Before agile (the Agile Manifesto was released in 2001) when almost everyone used the waterfall development model, testing exercised the software’s functions in entirety including the user interface, but usually in a distinct test cycle at the end of the development cycle. Today, after each iteration, you have access to a feature or user story to test, but that’s it. Of course, you also have access to all previous iterations’ functions and features developed. Sometimes, you don’t have a user interface, or you have a user interface that is morphing and changing because the client may see something and want to change it. To speed up the development cycle, teams are also using a lot of third-party modules or functions so they don’t have to reinvent the wheel for noncore product functionality.
As shown in the figure above, that’s where API testing comes in. You can still test functions, but you don’t necessarily want to or have to test the UI. Instead, you want to call the function with various input ranges and check the expected output. You don’t care if it’s aligned on the right bottom corner of the form. You just want to check the returned output. And the same goes for any third-party plug-ins or modules you use. You want to exercise them the same way, providing input and checking the expected output. This way, you are not dependent on the UI to do our testing.
In an agile environment, it’s very likely that API’s, plug-ins, and modules are being broadly used, and they still need to be tested at each iteration because you’ll continue to develop functionality dependent on them. While you could rely on testing from past iterations, there will be calls to the API with different parameters and data depending on the functionality delivered. Because you’ll test the API on a repeated basis and changing the parameters, there are significant benefits realized through test automation. There are many tools to do this. Choosing the right tool as well as determining when to automate and when not to automate requires a certain degree of expertise and understanding, as with any form of test automation.

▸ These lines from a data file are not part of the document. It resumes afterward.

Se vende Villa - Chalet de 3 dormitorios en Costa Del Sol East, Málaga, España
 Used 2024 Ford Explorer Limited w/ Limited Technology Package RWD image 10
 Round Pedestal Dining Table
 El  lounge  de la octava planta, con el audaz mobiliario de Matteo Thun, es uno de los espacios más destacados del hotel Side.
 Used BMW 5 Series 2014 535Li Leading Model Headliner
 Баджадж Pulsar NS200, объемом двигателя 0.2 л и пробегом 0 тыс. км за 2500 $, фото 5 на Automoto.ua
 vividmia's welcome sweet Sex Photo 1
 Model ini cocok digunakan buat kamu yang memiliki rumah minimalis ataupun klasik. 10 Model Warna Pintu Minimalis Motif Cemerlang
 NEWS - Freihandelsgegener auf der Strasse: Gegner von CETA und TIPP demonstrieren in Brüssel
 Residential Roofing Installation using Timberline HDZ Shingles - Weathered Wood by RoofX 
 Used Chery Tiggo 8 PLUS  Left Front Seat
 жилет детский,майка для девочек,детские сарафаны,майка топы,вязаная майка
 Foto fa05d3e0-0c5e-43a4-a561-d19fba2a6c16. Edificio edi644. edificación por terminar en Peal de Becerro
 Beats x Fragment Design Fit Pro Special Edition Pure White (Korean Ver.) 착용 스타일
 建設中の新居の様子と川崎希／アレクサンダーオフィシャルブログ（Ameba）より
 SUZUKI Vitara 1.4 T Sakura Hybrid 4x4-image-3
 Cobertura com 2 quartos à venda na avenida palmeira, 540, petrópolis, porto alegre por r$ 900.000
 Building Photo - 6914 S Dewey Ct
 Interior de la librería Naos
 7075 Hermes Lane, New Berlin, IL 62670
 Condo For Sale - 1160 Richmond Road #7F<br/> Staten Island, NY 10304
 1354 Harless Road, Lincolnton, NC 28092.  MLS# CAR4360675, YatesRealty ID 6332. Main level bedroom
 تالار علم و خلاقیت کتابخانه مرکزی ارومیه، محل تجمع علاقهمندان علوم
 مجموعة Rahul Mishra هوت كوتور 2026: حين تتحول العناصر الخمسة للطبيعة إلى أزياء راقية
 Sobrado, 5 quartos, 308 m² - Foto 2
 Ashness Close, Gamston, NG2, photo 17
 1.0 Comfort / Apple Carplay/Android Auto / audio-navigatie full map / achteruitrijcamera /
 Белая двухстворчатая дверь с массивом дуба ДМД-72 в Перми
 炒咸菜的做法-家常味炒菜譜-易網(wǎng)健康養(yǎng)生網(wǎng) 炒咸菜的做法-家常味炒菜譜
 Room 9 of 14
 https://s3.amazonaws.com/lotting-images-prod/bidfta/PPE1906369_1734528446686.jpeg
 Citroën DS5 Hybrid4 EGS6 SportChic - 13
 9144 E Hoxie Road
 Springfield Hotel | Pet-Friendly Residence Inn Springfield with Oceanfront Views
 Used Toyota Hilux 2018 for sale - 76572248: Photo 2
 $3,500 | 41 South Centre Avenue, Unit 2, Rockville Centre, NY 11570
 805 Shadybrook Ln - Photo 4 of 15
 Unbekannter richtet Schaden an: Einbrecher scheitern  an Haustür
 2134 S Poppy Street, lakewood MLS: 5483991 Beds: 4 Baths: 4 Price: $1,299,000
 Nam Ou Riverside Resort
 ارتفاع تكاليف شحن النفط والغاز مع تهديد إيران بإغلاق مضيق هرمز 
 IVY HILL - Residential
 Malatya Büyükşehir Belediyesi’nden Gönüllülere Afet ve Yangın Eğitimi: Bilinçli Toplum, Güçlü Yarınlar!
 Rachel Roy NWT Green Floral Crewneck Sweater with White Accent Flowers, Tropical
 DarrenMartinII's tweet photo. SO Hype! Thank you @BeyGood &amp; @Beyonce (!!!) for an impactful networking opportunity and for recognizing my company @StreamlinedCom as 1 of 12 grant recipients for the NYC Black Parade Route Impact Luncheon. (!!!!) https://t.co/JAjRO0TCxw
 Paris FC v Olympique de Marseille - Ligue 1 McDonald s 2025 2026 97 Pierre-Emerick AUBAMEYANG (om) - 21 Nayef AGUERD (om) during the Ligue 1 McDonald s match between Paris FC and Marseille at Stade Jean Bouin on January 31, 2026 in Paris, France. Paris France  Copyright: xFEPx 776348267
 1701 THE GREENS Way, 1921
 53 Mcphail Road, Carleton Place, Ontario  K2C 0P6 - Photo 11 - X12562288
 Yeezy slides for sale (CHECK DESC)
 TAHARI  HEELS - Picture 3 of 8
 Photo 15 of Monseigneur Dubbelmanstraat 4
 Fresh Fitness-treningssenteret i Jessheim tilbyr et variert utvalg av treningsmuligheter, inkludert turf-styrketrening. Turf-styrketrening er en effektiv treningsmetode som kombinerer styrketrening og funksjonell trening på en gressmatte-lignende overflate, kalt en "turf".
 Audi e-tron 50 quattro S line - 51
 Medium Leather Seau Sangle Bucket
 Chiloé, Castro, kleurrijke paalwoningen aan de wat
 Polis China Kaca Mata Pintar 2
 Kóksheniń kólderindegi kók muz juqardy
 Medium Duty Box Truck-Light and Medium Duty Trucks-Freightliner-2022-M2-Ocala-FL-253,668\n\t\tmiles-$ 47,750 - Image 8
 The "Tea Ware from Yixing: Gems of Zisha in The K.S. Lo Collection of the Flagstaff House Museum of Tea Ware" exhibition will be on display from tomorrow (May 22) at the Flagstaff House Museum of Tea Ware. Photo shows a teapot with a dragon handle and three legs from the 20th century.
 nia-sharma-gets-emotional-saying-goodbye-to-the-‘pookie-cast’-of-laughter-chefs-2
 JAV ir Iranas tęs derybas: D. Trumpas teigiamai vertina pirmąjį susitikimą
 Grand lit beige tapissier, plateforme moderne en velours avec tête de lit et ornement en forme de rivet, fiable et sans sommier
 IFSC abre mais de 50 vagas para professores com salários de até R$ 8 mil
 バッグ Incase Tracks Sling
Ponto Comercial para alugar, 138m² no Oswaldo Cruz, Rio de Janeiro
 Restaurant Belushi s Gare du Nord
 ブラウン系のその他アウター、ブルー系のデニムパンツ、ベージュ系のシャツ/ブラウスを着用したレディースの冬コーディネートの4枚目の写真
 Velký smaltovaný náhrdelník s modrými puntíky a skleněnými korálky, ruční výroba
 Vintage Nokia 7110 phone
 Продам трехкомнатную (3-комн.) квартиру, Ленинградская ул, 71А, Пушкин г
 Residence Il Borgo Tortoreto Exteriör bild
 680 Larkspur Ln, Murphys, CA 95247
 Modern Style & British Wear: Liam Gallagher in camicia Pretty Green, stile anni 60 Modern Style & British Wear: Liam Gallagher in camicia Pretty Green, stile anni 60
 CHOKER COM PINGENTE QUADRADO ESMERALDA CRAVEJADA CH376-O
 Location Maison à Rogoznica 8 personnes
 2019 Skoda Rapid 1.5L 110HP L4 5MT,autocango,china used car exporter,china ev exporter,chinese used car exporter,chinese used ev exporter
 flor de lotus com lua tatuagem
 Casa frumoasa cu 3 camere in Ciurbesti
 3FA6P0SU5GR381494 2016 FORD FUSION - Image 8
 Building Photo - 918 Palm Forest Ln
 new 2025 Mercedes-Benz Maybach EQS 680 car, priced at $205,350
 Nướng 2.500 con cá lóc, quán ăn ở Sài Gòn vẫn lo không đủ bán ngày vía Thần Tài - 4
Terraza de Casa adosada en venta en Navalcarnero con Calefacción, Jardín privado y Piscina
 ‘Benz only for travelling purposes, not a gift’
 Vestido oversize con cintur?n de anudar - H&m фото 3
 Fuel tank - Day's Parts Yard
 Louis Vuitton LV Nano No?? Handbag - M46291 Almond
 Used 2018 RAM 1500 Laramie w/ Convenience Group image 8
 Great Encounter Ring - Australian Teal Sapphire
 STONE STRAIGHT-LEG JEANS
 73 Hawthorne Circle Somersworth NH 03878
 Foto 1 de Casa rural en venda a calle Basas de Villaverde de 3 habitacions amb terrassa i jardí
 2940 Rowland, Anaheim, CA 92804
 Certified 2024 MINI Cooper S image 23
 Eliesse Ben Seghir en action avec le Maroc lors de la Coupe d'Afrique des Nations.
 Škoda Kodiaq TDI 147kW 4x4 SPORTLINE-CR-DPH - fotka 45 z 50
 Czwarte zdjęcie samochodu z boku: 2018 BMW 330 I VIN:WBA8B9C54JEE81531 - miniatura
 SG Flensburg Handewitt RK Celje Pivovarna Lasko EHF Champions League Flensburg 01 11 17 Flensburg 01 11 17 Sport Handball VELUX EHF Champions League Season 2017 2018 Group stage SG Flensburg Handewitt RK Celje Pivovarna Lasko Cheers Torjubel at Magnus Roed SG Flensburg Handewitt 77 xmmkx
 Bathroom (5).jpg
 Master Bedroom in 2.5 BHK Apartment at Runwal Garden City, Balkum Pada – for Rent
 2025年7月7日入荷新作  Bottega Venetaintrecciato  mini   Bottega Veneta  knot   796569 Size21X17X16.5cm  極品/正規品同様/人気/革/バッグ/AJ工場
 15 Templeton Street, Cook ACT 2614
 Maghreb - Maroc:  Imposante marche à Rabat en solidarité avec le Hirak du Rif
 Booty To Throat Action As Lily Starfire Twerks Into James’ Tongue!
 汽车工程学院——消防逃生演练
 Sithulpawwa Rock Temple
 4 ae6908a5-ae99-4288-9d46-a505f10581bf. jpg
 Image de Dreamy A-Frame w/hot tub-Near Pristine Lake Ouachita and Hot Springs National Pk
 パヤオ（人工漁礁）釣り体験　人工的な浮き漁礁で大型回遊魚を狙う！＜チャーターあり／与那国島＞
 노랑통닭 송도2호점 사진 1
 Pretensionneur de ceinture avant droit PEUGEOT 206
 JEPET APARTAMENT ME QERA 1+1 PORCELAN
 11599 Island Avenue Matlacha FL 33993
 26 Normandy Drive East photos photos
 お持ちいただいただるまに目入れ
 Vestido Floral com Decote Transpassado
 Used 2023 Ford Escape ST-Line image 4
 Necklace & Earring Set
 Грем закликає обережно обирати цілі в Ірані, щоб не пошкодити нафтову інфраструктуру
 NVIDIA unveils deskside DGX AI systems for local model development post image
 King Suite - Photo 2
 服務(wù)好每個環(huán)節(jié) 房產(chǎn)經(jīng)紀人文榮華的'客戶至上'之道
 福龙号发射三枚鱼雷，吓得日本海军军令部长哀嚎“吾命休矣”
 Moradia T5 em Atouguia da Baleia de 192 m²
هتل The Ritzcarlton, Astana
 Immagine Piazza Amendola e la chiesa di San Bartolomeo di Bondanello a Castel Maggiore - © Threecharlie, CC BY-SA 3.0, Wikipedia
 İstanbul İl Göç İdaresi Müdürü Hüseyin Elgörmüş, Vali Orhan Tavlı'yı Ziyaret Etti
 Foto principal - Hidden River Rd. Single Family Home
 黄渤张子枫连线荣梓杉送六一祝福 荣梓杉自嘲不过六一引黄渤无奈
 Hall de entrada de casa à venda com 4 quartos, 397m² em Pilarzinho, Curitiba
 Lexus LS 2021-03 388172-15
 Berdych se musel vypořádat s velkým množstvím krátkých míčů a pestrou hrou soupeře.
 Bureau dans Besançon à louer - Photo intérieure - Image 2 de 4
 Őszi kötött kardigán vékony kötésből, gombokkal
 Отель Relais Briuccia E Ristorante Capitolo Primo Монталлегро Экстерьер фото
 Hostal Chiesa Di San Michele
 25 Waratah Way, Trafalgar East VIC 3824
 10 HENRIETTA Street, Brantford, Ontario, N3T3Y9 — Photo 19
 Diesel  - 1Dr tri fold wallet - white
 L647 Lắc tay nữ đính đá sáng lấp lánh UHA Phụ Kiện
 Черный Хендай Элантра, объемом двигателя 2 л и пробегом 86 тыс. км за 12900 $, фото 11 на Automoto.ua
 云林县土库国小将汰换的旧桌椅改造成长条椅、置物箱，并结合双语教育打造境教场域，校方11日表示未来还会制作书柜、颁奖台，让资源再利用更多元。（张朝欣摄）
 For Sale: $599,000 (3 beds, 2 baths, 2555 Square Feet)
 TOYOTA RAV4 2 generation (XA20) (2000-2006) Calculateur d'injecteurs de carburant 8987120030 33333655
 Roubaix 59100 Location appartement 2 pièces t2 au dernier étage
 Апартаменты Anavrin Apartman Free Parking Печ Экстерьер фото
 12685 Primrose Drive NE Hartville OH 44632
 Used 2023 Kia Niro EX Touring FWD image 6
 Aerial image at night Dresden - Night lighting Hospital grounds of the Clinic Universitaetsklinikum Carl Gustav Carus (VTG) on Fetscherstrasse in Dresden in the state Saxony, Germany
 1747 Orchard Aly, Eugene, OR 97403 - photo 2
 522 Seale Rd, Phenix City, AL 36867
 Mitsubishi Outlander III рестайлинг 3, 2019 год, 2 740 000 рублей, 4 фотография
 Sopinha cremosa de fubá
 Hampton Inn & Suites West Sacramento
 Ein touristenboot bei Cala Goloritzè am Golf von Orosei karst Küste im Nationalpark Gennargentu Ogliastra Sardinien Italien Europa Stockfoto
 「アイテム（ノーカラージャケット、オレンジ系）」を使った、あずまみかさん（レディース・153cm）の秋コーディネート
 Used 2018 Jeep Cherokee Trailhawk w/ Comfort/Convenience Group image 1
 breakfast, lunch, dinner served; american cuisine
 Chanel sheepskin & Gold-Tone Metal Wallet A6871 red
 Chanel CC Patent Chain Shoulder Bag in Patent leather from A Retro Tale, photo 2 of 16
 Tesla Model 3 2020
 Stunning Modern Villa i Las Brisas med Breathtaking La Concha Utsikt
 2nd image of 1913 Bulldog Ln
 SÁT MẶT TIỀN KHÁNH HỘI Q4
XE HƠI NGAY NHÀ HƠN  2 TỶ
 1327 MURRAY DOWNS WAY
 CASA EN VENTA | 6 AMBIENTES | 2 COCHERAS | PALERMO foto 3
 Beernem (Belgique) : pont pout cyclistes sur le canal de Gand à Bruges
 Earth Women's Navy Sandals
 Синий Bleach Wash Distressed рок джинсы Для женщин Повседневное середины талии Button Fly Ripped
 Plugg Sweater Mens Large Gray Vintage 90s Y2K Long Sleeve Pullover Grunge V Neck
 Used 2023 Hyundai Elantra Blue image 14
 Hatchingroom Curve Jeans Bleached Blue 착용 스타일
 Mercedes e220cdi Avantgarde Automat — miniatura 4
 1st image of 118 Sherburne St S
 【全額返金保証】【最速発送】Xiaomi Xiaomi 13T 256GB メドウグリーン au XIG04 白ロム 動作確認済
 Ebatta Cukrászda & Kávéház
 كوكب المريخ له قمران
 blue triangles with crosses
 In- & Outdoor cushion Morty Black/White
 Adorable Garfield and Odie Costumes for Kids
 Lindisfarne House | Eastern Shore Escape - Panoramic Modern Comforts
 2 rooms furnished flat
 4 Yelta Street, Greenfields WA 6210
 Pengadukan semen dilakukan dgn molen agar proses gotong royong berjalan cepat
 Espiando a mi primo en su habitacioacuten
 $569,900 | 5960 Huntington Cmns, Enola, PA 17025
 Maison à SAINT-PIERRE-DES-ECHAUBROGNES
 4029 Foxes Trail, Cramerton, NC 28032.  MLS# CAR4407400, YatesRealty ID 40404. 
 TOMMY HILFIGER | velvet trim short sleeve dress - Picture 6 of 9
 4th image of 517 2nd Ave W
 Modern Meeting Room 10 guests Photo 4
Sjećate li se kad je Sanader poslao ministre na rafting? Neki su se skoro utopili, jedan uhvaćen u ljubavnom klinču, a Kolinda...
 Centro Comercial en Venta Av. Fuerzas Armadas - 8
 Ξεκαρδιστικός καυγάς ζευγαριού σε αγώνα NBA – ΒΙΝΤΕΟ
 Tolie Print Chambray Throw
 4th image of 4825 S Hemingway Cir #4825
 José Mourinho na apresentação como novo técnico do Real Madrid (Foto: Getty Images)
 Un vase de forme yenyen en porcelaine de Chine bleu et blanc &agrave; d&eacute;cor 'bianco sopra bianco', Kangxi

In addition to automating functionality testing, there are also the issues of performance and security that can be addressed with API testing as well. Like functionality testing where you test the expected outputs given various inputs, you can ramp up these calls to the API just as you would test performance with the user interface and vary the user scenarios. This will put strain on the various program components involved and serve as an independent assessment of the program and data logic apart from the user interface. For security testing, you can embark on the same or similar strategies that you use when executing security tests when the software is done, but at the data or API level. Making erroneous and black-hat calls to the software and determining how it behaves and blocks access.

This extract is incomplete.